The hot-wire tool at work.

The resulting cilyndre is almost perfect, except for the top and bottom circles that could had been if we had use a brand new block for the work.

Next step was to assure the intersection of cilynder and surface was as perfect as possible, aided with a real scale print of the revolution of such intersection. We used a had-ock program to do this, surely there are other options, but...

Once printed it was fixed to the cilynder surface and copied down to the material. Every half a radius a horizontal line was added to aid in the later stages, plus the heights at with every tangent line intersected with the cilynder, so the final coloured lines could be easily placed.

Before the figure could came out from the block, a top-down slice of it was also printed and cutted from wood to be used as a stencil.

With those bare tools we started carving, checking it every now and then against the up-down stencil.

After the stencil fits on all 3 axis, the figure it self can be guessed.

Now we will take advantaje of the fact that the lines intersect perfectly so we can safely carve more and more material after almost all remanents are off.

Once it was adjusted to all the lines, the rest of the surface was hand sanded until it was "nice curved to the hand", then it is "painted" with light plaster -more water than usual- so it can be finally sanded to the final shape.

An antiadherent has to be added in order to avoid the resine to get jammed with the plaster.

Thin layers of cristal fiber are added using transparent polyester resin as glue. Small pieces of fiber sheets are used to avoid tensions. Avoid using to much resin not to get dropings: The more and thiner the layers are, the better.

About 5-6 layers were used, the more in the weakest parts of the surface, until we felft is was not going to misserably break at the first movement.

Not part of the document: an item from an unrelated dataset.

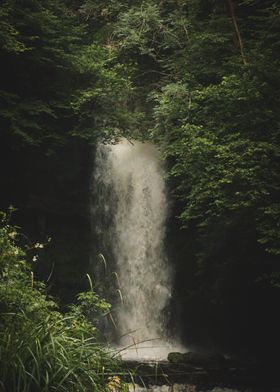 Glencar Waterfall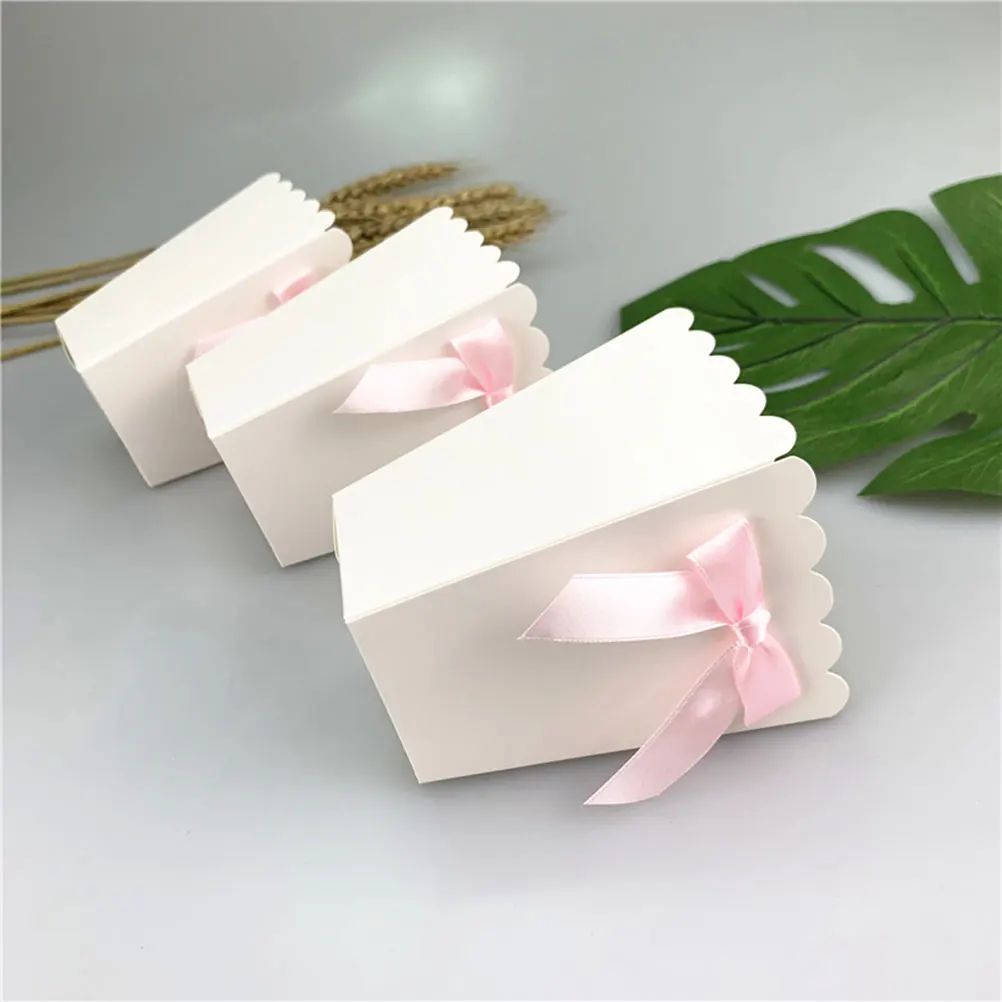 12pcs Pink Bow Popcorn Box Par - Baby Food Options avaliação e preço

In the middle of adding layers, coloured lines are lied down to a perfect fit. Any kind of line could be used provided it is visible enuoght and don't disolve with the resine.

The skirts are cuted off using a small rotational tool. Scissors are not a good idea, by the way. Note the added formula: In one midd layer, it was printed on a transparent film using a laser printer and then embeded into the resine.

The orginal mold material have now to be carved out, it is not possible to use it another time, even if the mold was made of any harder material, the shape itself doesn't admit extracting the mold from its interior outside without breaking it all.

Finally, the borders are sanded until we get a smooth finish.